[teampractices] Experimenting with Pivotal Tracker
swalling at wikimedia.org
Thu Nov 14 03:01:30 UTC 2013
In previous discussions, we've leaned toward calling Trello and Mingle a
pair of complementary tools, with the former being good for small teams and
the latter being good for large teams. I think this is probably true.
Tomasz said that he's already running in to the limitations of Trello for
teams more invested in Scrum processes like points estimation, burndown (or
up) charts, velocity, and so on. He showed me a little bit about how
they're using a browser extension to hack this stuff in to Trello, but that
he's still having to manually calculate velocity which is a pain.

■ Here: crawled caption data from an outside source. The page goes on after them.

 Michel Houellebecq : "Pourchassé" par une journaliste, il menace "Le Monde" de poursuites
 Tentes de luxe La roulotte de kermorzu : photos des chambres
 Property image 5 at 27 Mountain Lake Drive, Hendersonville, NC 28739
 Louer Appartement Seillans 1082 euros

Growth is still a very small team, but we're starting to venture down the
path of more Scrum process. This week I did some work to simplify our
Trello board, and reduce it to "Backlog", "Current To Do", "Doing" and
"Done" lists of cards. You can view our current board at
In the future, I can definitely see Trello breaking down for a larger team
doing sprints, even if you're like me and not particularly interested in
things like velocity. However, I want Mingle to die in a fire, so I
experimented with creating a Pivotal Tracker board, which is public at
I have a little experience with Pivotal from working at a startup with
Ward, where their dev team had 100% adoption of this tool. I was outside
the Scrum as a writer, but it was interesting for sure. Beyond the better
usability, mobile apps, etc., I think this is a good tool if we commit more
to Scrum practices. In particular, it does a few things I think are
different than Trello...
1. Burndown or up charts can be generated automatically. There are also
other charts and progress reports about points delivered etc. and you can
get RSS feeds of it all.
2. It seems to have bi-directional integration with any Bugzilla
instance, and API access, so we could create Gerrit integration as well.

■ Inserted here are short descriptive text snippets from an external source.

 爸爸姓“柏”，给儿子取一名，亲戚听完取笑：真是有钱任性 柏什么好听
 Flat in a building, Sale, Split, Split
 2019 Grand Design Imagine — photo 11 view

3. It's geared toward having a story requester and owner, and the
product owner explicitly accepts or rejects delivered work. Trello has
pretty much no set roles, by comparison.
4. Unlike Trello, the card lists are set for you. There's Icebox
(holding area for new stories), Backlog (stories ready to start), Current
(which actually auto-fills from Backlog based on your velocity). Pivotal
also finally made Epics make sense to me. Epics are created from labels you
put on stories, and you can see them in their own list and they have
progress bars etc.
5. Stories have set types of feature, release, bug, or chore.
6. Stories get point estimations of course. By default points are not
assigned to bugs or chores, though you can change this. There are different
scales you can set for points, when iterations start/end, iteration length,
and you can either let your velocity get set for you or set it manually.

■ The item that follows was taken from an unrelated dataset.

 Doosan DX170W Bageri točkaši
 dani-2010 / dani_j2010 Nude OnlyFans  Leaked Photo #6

*TL;DR: *to me it looks like Pivotal Tracker does everything we need from
Mingle, and is a helluva lot easier to use and understand for people new to
Scrum or only lightly in to it. Please play around, and if you want I can
invite you to be a member of our Growth project there so you can try it
A logistical point: Pivotal is proprietary. It's a small company based in
SF and owned by VMWare. However, they officially give free unlimited access
perpetually to public projects and non-profits.